Die mit dem Zusatz „Graben“ bezeichneten Straßen zeichnen heute in etwa den Verlauf der inneren Befestigung nach (Ausnahme Boxgraben). Der „Alleenring“ befindet sich in der Nähe der ursprünglichen äußeren Stadtmauer. Die innere Mauer wurde bereits im 17ten Jahrhundert stark vernachlässigt, da die Entwicklung der Waffentechnik enorm voranschritt und die Umwallung keinen ausreichenden Schutz mehr bot. Erste Mauerstücke wurden alsbald an Privatleute verkauft, die die Befestigungswerke in den Bau von Häusern einbezogen. Notdürftig unterhalten wurden später auch die Turm- und Tordächer des zweiten Befestigungsrings.

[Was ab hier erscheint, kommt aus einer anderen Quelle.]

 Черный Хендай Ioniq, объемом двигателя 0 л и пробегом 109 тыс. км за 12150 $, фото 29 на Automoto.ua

Tatsächlich nutzte man schon vor der Franzosenzeit (1794-1814) Grauwacke- und Blausteine der Stadtmauern zur Errichtung neuer Gebäude, z. B. Kirchen. In vielen Berichten ist zu lesen, dass die Stadtmauer und auch viele der Türme und Stadttore hauptsächlich von den französischen Besatzern niedergelegt wurden. Zwar ist richtig, dass z. B. die Abtragung des prächtigen Kölntors in die napoleonische Zeit fällt, jedoch hatte sich der Stadtrat bereits vor der französischen Besatzung für den Abriss der Befestigungsanlagen ausgesprochen. Auch wurde die Abtragung der verbliebenen Mauern, Türme sowie Torreste in der preußischen Zeit konsequent fortgesetzt. Napoleon hatte der Stadt Aachen zuvor das Eigentum der verbliebenen Mauern und Tore übertragen. Selbst das Marschiertor und auch das Ponttor waren zeitweise ernsthaft vom Abriss bedroht. Unter anderem ist es Stadtbaumeister Friedrich Josef Ark zu verdanken, dass das Marschiertor bis heute erhalten blieb (später darüber mehr).

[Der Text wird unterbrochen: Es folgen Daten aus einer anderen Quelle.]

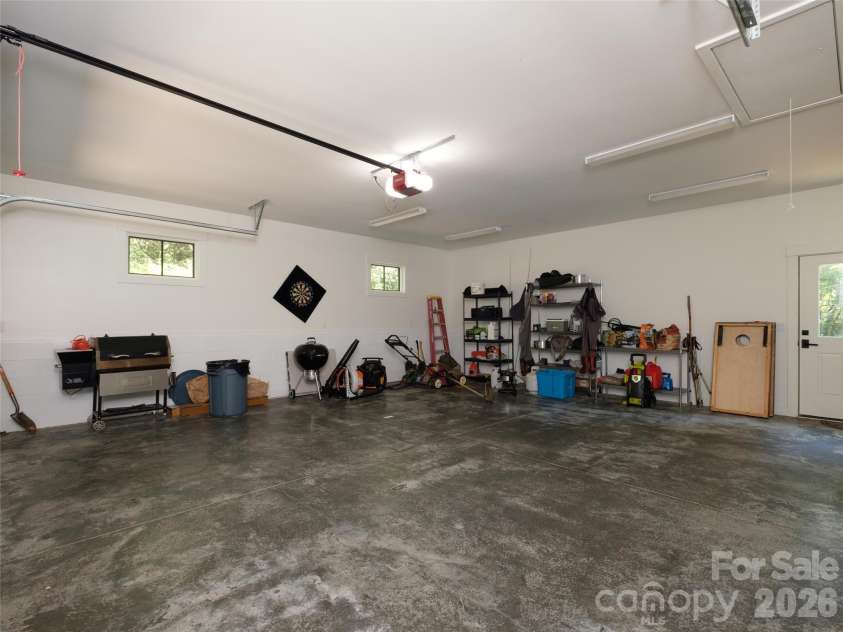 158 Bucks Crossing, Brevard, NC 28712.  MLS# CAR4429620, YatesRealty ID 54187.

Die Abrissarbeiten dauerten viele Jahre an, da sich die verwendeten Bauweisen und -materialien als äußerst widerstandsfähig erwiesen. Großer Anstrengungen bedurfte beispielsweise die Entfernung des Mauerrings zwischen Ponttor und Junkerstor (Vaalser Straße/Schanz) anlässlich der Errichtung der Eisenbahnlinie in den 30er Jahren des 19ten Jahrhunderts.

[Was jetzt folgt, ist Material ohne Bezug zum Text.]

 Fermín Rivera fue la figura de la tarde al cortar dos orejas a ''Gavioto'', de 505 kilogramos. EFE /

Die Entscheidung für die aufwendige Eisenbahn-Streckenführung (vgl. Viaduktbau im Südosten Aachens/Burtscheid) und für den „eisernen Gürtel“ um Aachen im Südwesten gibt heute Rätsel auf, zumal sich im Aachener Norden topografisch weitaus flacheres Gelände befindet, das für den Eisenbahnlinienbau erheblich einfacher zu erschließen gewesen wäre.